Na manhã de hoje a concentração de membros da comunidade de Munduruku causou algum caos e interrompeu a programação de dezenas de milhares de delegados e observadores. Obrigou ainda o presidente da conferência, o diplomata brasileiro André Correa do Lago, a reorganizar a sua agenda para ir ao local falar com os manifestantes.
Depois de se reunir com o grupo, o presidente da COP30 reconheceu as “preocupações muito legítimas” dos manifestantes indígenas.
“Foi um diálogo muito positivo”, disse aos jornalistas após a reunião, acrescentando: “Procuraremos avançar com todas as suas reivindicações”.
Entre as questões levantadas pelos manifestantes estão reivindicações relacionadas com a demarcação de terras. Contestam também a proposta de uma linha férrea na Amazónia para o transporte de cereais.
Os manifestantes, a maioria em tronco nu e com toucados tradicionais, posicionaram-se em frente à entrada principal da “Zona Azul”, o coração da conferência onde decorrem as negociações climáticas. Homens e mulheres de todas as idades, alguns com bebés, bloquearam também uma rua adjacente.
Com a “manifestação pacífica”, que não representava “qualquer perigo” segundo um comunicado da ONU, as pessoas que participavam na COP30 tiveram de utilizar uma entrada lateral durante o protesto. Reforços militares foram mobilizados em redor do local.
“Lutar pelo nosso território é lutar pelas nossas vidas”, proclamava um cartaz empunhado por um dos manifestantes, que protestavam contra os grandes projetos de infraestruturas na Amazónia e exigiam uma reunião com o Presidente brasileiro, Luiz Inácio Lula da Silva.

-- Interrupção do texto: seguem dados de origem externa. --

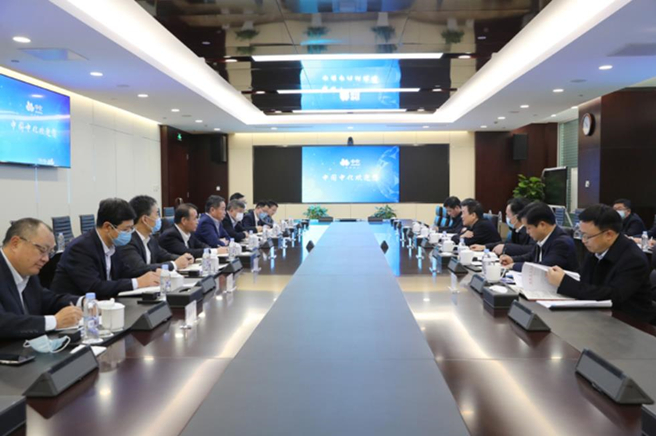 寧高寧董事長會見湖南省副省長陳飛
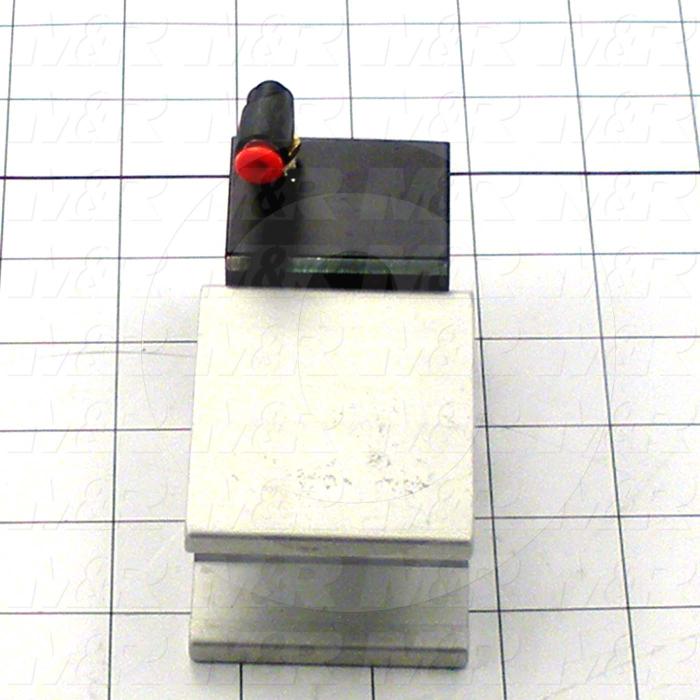 Fabricated Parts, Squeegee Flood Bar Clamp Assembly, 5.82 in. Length, 2.42 in. Width, 1.75 in. Height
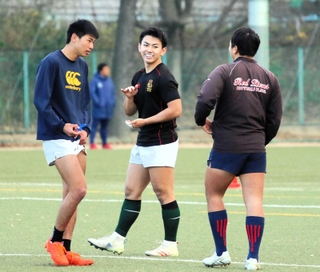 練習の合間に仲間と言葉を交わす報徳学園高の菊川迪主将（中央）＝２０２３年１２月２０日、西宮市上大市５の同校グラウンド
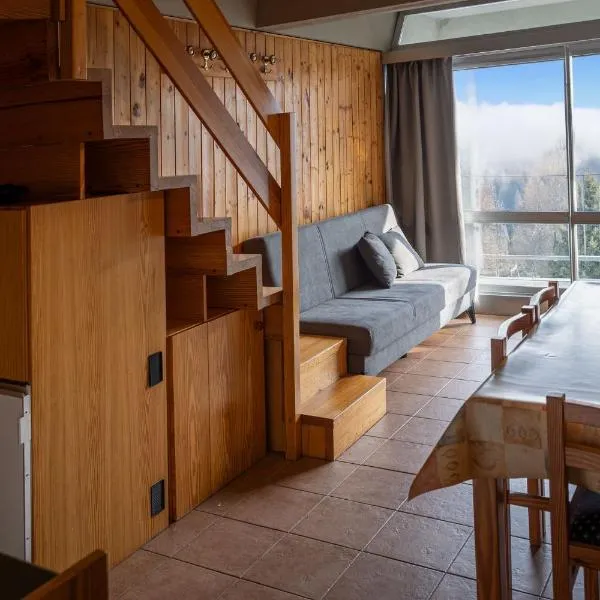 Trilocale sulle piste con vista sulla ValdiSole, hotel v destinácii Marilleva
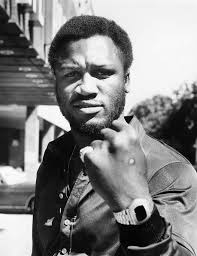 Underdog wins boxing match by unanimous decision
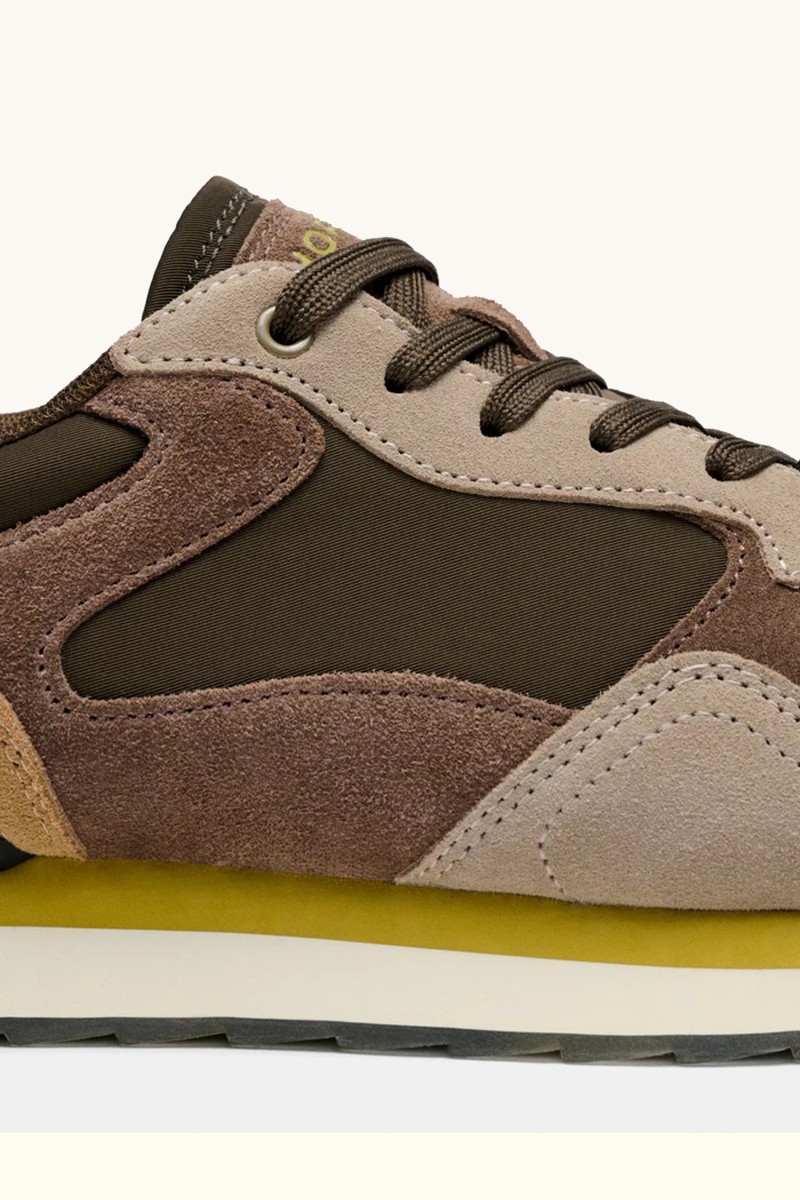  Zapatilla HOFF con estética retro en tonos neutros, combinación de materiales y suela impresa con carácter urbano.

“Exigimos a presença do Presidente Lula, mas infelizmente, como sempre, não conseguimos. Nunca fomos ouvidos”, disse a jornalistas uma representante dos manifestantes.
Lula da Silva autoproclama-se um aliado da causa indígena. Entre as suas conquistas destacam-se o reconhecimento oficial de 16 terras indígenas, uma redução drástica da desflorestação e a nomeação de uma figura respeitada, Sonia Guajajara, para chefiar o primeiro Ministério dos Povos Indígenas.
No entanto, muitos criticam a lentidão na demarcação de terras indígenas e a procura de petróleo iniciada em outubro perto da foz do rio Amazonas. Sem contar com o projeto da linha férrea, o Ferrogrão, de quase mil quilómetros.
Na noite de terça-feira, outros manifestantes indígenas invadiram a “Zona Azul” e entraram em confronto com as forças de segurança.
Segundo a imprensa, o chefe da ONU para as Alterações Climáticas, Simon Stiell, denunciou uma “grave violação do quadro de segurança estabelecido”, numa carta às autoridades brasileiras.
Embora tenha reiterado que a segurança dentro da “Zona Azul” é confiada ao Departamento de Segurança das Nações Unidas, o Governo brasileiro afirmou na quinta-feira que reforçou as medidas de segurança após o incidente.